The Day the Earth Stood Apart

The coronavirus is signaling humanity to slow down and contemplate.

pancy
3 min readApr 4, 2020
The Day the Earth Stood Still (1951)

The satellite images from NASA had shown that the pollution in China has gone down since the coronavirus outbreak.

There were also photos from people of Venice reporting that the cloudy Venice canals have turned crystal clear after coronavirus the tourism halt.

Apparently, the outbreak is affecting millions of lives and businesses, taking many lives with it, but most of the damages have been economical.

On the upside, more people are awakening.
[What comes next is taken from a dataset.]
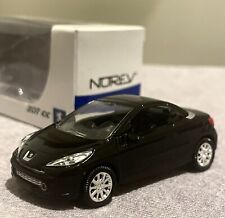Miniature Norev Peugeot 207 CC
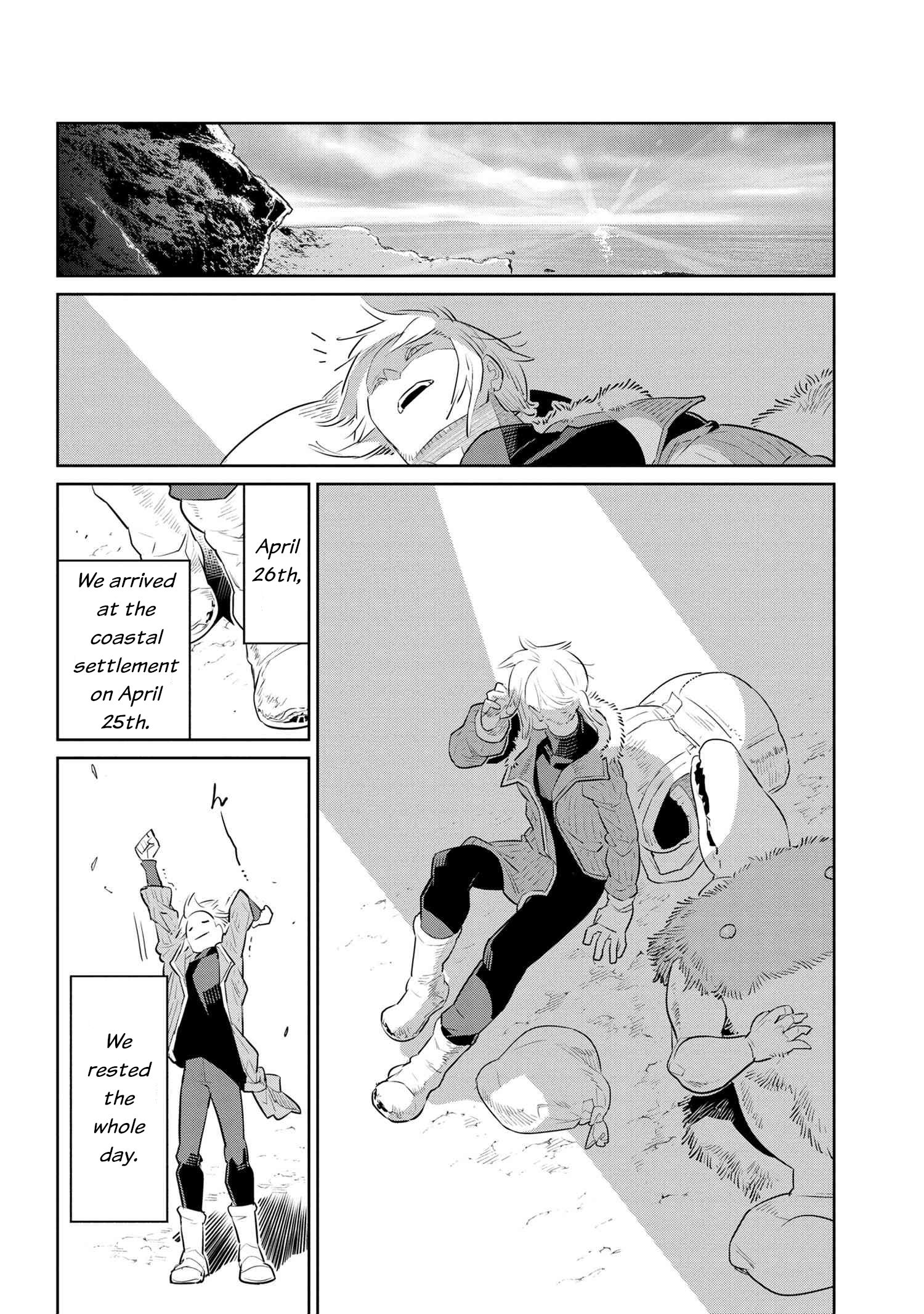 Heterogenia Linguistico Chapter 41 page 4 - Chapter 41: New Land, New Morning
They cherish more physical, genuine connections (albeit through video calls) rather than those in online social media in the face of social distancing. They are learning new skills such as baking, sewing, and 3D-printing in the face of scarcity, making them more active producers than they had ever been. It is hopeful to see that our society might be heading toward a more well-balanced, sustainable one that is relying less on industrialization and mass-consumption that has been contributing to the global warming crisis for almost three centuries. We are looking at technologies in a new light and are moving past the app economy to a more integrated symbiosis.

Seriously, think about how we were going to go forward with all the mess we were in before the lockdown. The tech scandals after another (Theranos, Uber, WeWork), the Facebook scandal that had indirectly influenced the US primary election, the alarming speed at how our world is warming up, and much more. The re-enacted sentimental of space-traveling and humans as interstellar species, if anything, is the answer to this question — we were hopeless of the future that the only way to see forward is up.

This pandemic reminds me of the classic film The Day the Earth Stood Still (both the superb original and the more boring 2008 remake), in which an alien race visited the human race and basically wiped out all technological advancement in the end, basically rewinding human race to the stone age, hence the name. Of course, that is fictional and over the edge, but we could consider viruses as “alien” that has been co-existing with living organisms and step in to curb a population from over-running the habitat. COVID-19 crisis may not entirely annihilate all advancements, but it sure has been slowing us down like nothing could have.

…it might be the natural guard to ensure a species could never go too far as to mess up the universal balance.

In the economic world, a term used to describe this pandemic is Black Swan. It sounds silly that the term should be described and popularized in the economical sense when in fact it extends far beyond. Maybe a Black Swan is the equivalence of the lightning God struck on the Tower of Babel, the first human’s attempt at deism. Maybe whenever a species get too high, a form of Black Swan will naturally occur and intervene. It can be a war, an epidemic, or something else beyond contemplating (that’s basically a definition of a Black Swan), but it might be the natural guard to ensure a species could never go too far as to totally mess up the universal balance.

So I urge you all to look at this crisis in a new light. It might be a good time to contemplate, reestablish lost connections, strengthen ties with families and friends, learn new skills, start a new career, or just connect with your own self. Who knows what our world might look like at the end of this crisis. You better be ready for a change.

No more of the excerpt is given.